Moses a vécu et travaillé à la ferme toute sa vie, une vie dure.
Moses idéalise ses souvenirs, elle peint des tableaux romantiques.

Ses paysages bucoliques avec ses fermes, ses collines et ses petites figures évoquent un monde qui existait principalement dans son imagination.

Son instinct et sa sensibilité prêtent à ses peintures un charme nostalgique qui les a rendues immensément populaires.

Grand-maman Moses ne fit jamais de portrait, peignant un seul sujet, la nature et ses saisons avec une prédilection pour la neige.

Elle travaillait de mémoire, restituant sous diverse formes météorologiques les collines du Vermont toujours peuplées d’un petit monde anecdotique évoquant la vie quotidienne et rurale.

Son dessin est extrêmement simple, maladroit et schématique, sa perspective est arbitraire et ses compositions foisonnantes au réalisme rustique, souvent compliquées avec une profusion des détails ne témoignent d’aucune recherche particulière.
En revanche, la suggestion de l’espace est, elle, toute picturale.

Grand-maman Moses est experte dans l’utilisation de la couleur.
Ses couleurs chantent, elles éclatent l’espace de ses toiles et inondent ses paysages de joie.
Il n’y a pas d’ombre dans les tableaux de Moses.
Cette particularité vient peut-être de son expérience de brodeuse, sûrement de son instinct et de la candeur de son observation.

Son style est vif, d’une grande fraîcheur, presque enfantin et n’appartient qu’à elle.

Ce mélange subtil de science innée et de spontanéité maladroite fait de la peinture de Grand-maman Moses une peinture authentique s’accordant au style naïf.

Ses tableaux les plus célèbres sont: Over the River to Grandma’s house –1947,Catching the Turkey –1940, et The Old Oaken Bucket –1946, 1943, 1940.

 

Conclusion

Moses a réussi à capter l’attention, l’admiration des collectionneurs d’art du monde entier.

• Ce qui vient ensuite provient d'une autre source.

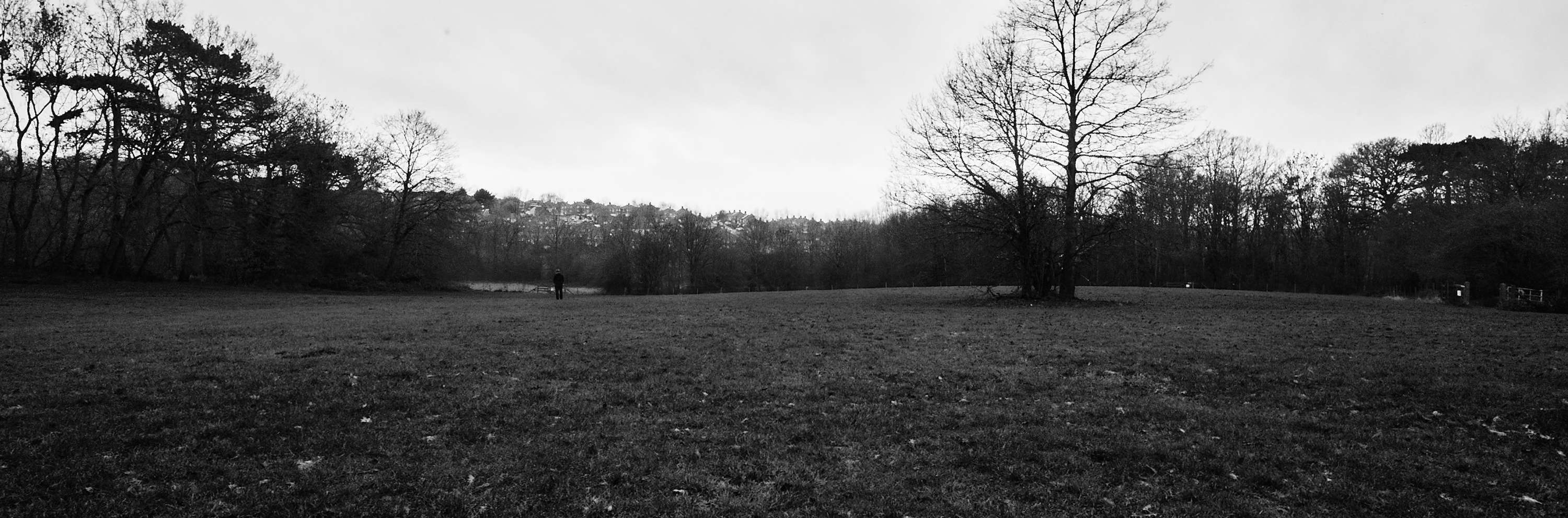 Back to Nature by Rhys Chidwick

L’œuvre de Moses avec ses paysages lumineux et joyeux a donné de l’espoir en l’avenir au public traumatisé par la seconde guerre mondiale.

Elle est devenue si populaire que, pour célébrer son centième anniversaire, le gouverneur de New-York, Nelson Rockefeller a déclaré le 7 septembre 1960, sous le nom de « Grandma Moses Day ».

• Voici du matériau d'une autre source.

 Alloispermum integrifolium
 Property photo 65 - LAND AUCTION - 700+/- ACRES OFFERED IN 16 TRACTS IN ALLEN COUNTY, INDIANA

Au cours de sa carrière de peintre, Grand-maman Moses a créé environ 1500 œuvres.

Ses peintures sont toujours populaires et offrent un aperçu du passé pastoral de l’Amérique.

Le président John F. Kennedy -cf. le rapport d’Associated Press, s’est souvenu de Moses comme d’une figure bien-aimée de la vie américaine et a déclaré « la vivacité de ses peintures a redonné une fraîcheur primitive à notre perception de la scène américaine ».

Moses commente :  « Tout le monde peut peindre. Tout ce que vous avez à faire est de représenter une peinture dans votre esprit, puis de la transférer sur la toile avec les pinceaux. » !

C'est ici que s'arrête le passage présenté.